▶ Your instructions: Give back exactly the lines that start at the one containing "Под контрактом: $419,900" and run to the end of the material, leaving out the pictures.

──────── Dataset records

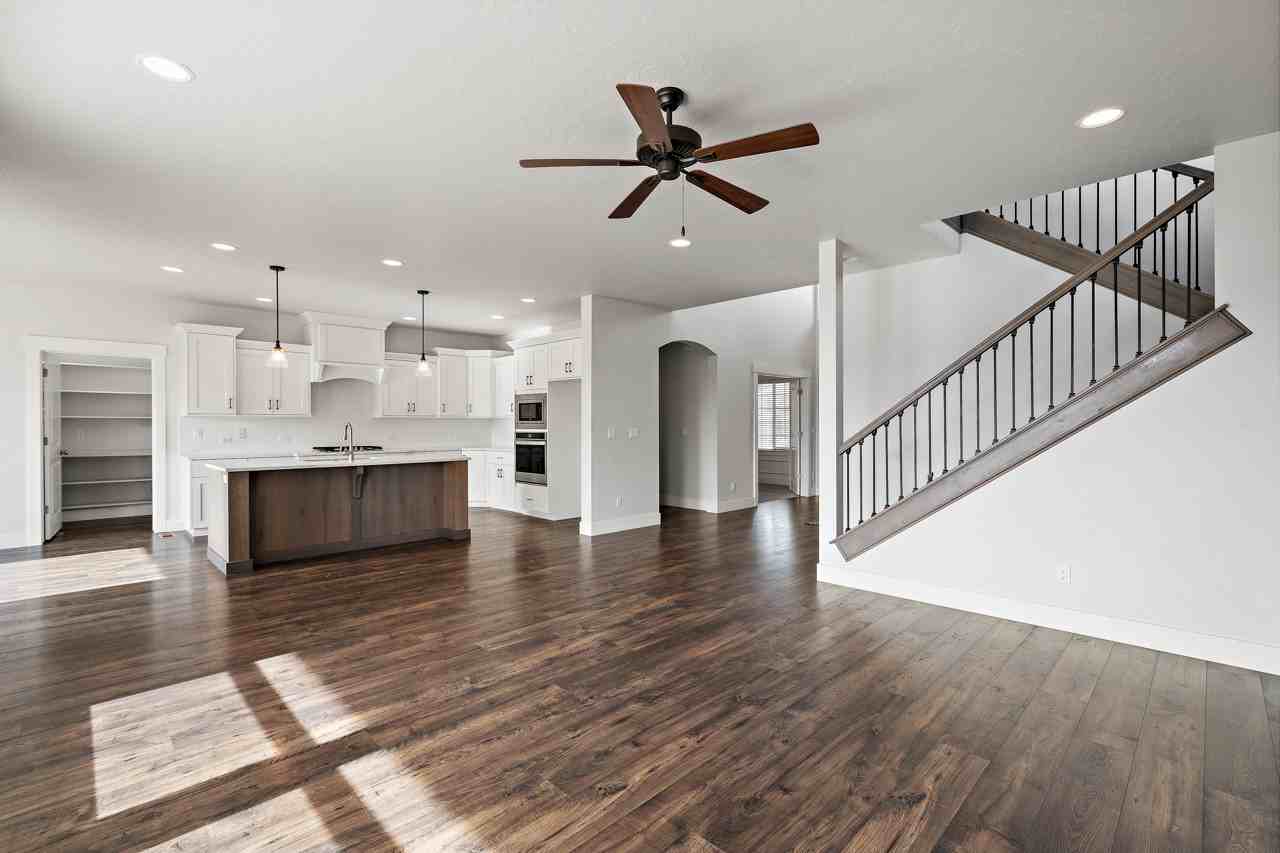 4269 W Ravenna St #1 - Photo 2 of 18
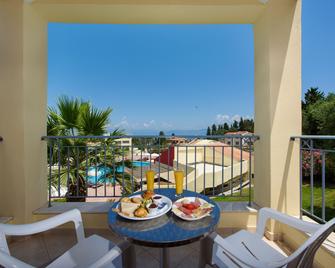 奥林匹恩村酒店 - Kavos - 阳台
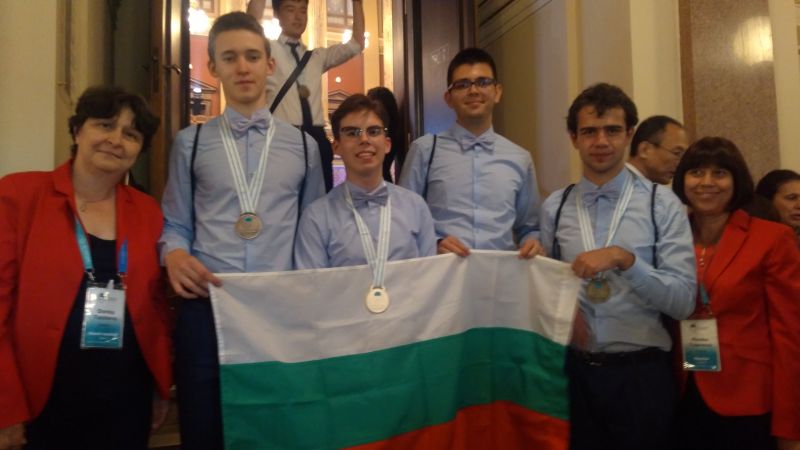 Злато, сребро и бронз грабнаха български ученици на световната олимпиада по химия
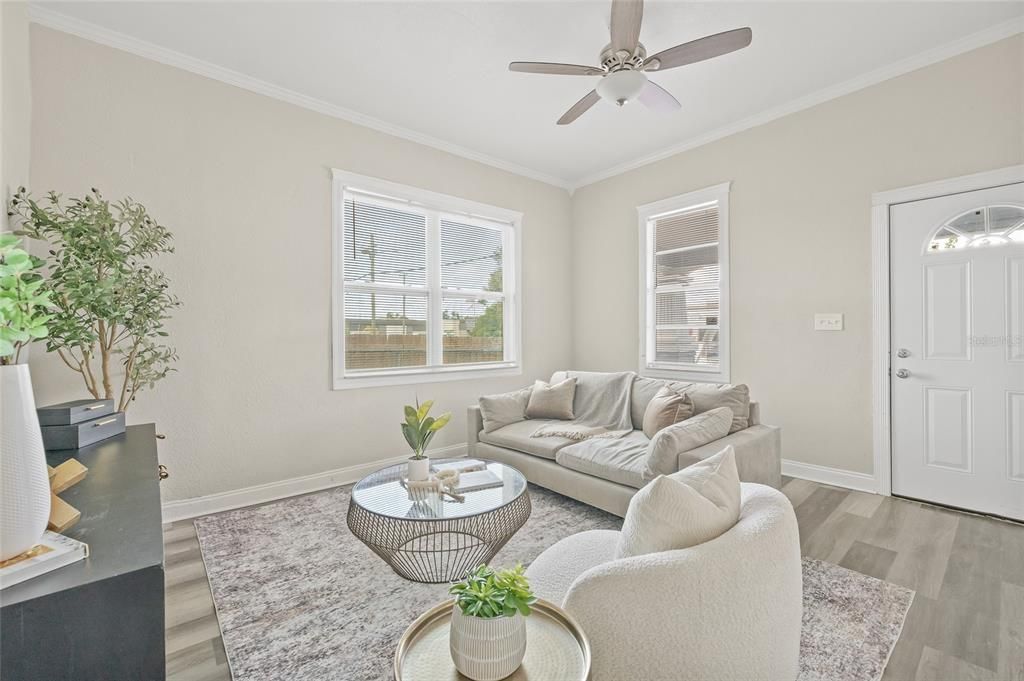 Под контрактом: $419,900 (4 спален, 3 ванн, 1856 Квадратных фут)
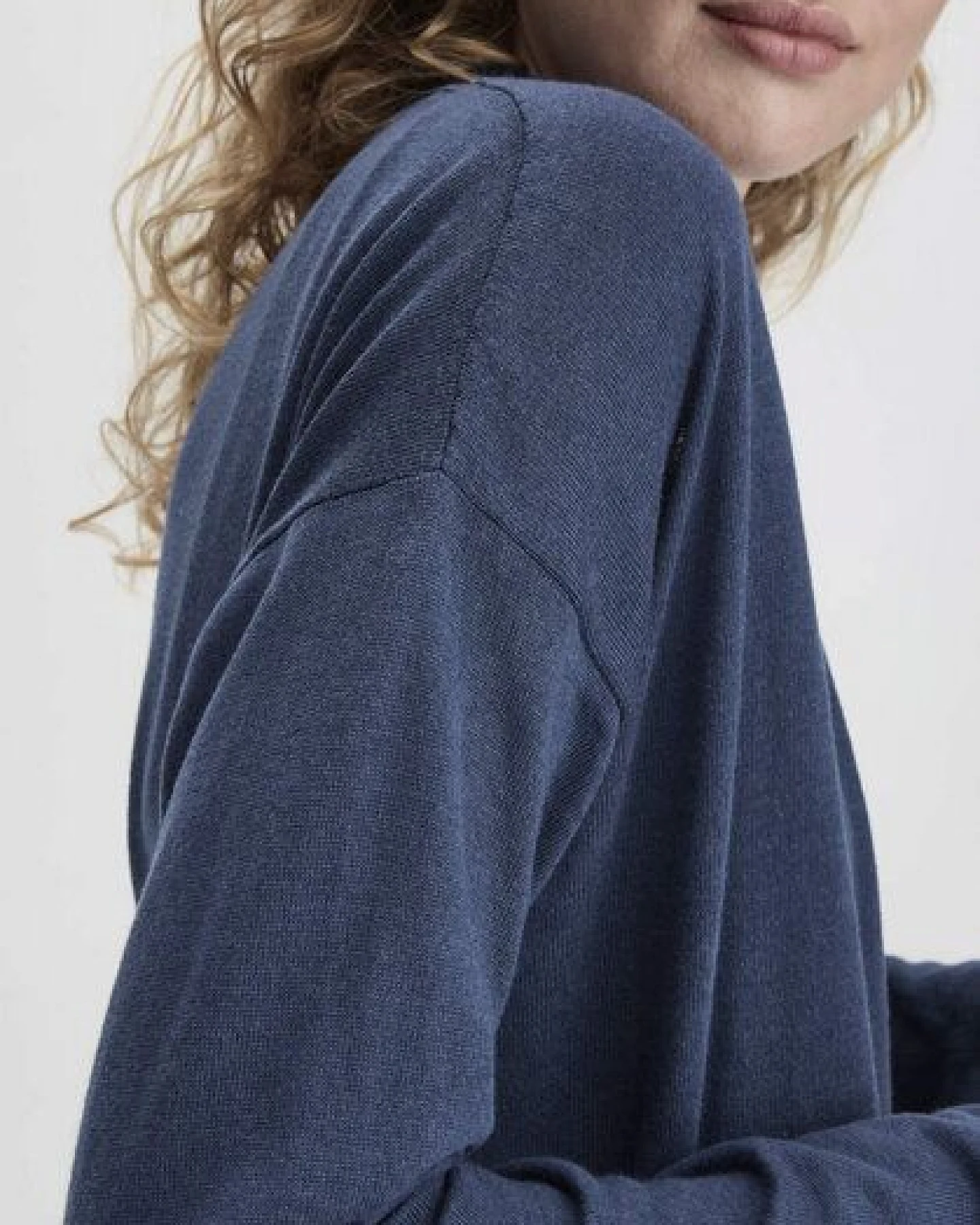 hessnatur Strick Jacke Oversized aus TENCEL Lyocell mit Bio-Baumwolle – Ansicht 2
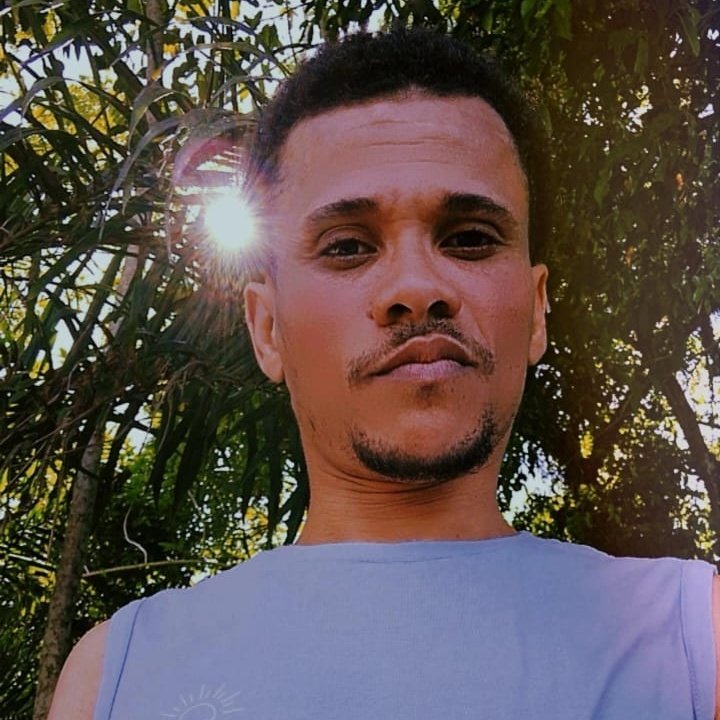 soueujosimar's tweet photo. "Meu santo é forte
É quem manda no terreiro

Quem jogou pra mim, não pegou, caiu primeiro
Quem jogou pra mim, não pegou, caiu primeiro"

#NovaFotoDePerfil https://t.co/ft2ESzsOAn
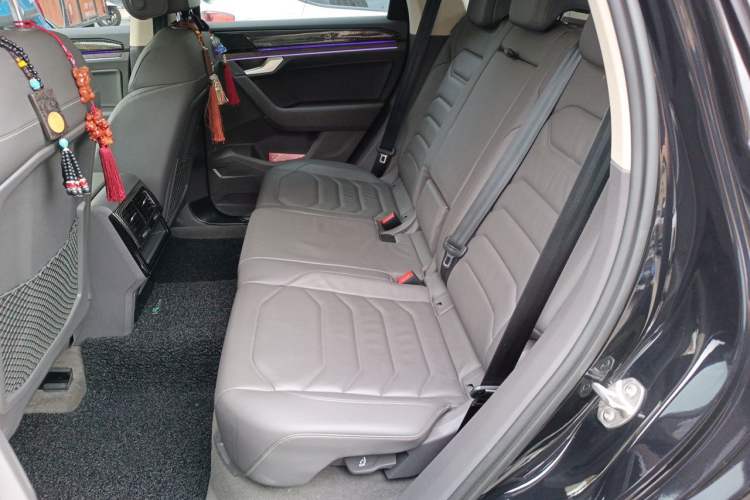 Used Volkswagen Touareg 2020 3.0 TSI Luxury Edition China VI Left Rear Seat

────────────────

▶ Result of this task:
 Под контрактом: $419,900 (4 спален, 3 ванн, 1856 Квадратных фут)
 hessnatur Strick Jacke Oversized aus TENCEL Lyocell mit Bio-Baumwolle – Ansicht 2
 soueujosimar's tweet photo. "Meu santo é forte
É quem manda no terreiro

Quem jogou pra mim, não pegou, caiu primeiro
Quem jogou pra mim, não pegou, caiu primeiro"

#NovaFotoDePerfil https://t.co/ft2ESzsOAn
 Used Volkswagen Touareg 2020 3.0 TSI Luxury Edition China VI Left Rear Seat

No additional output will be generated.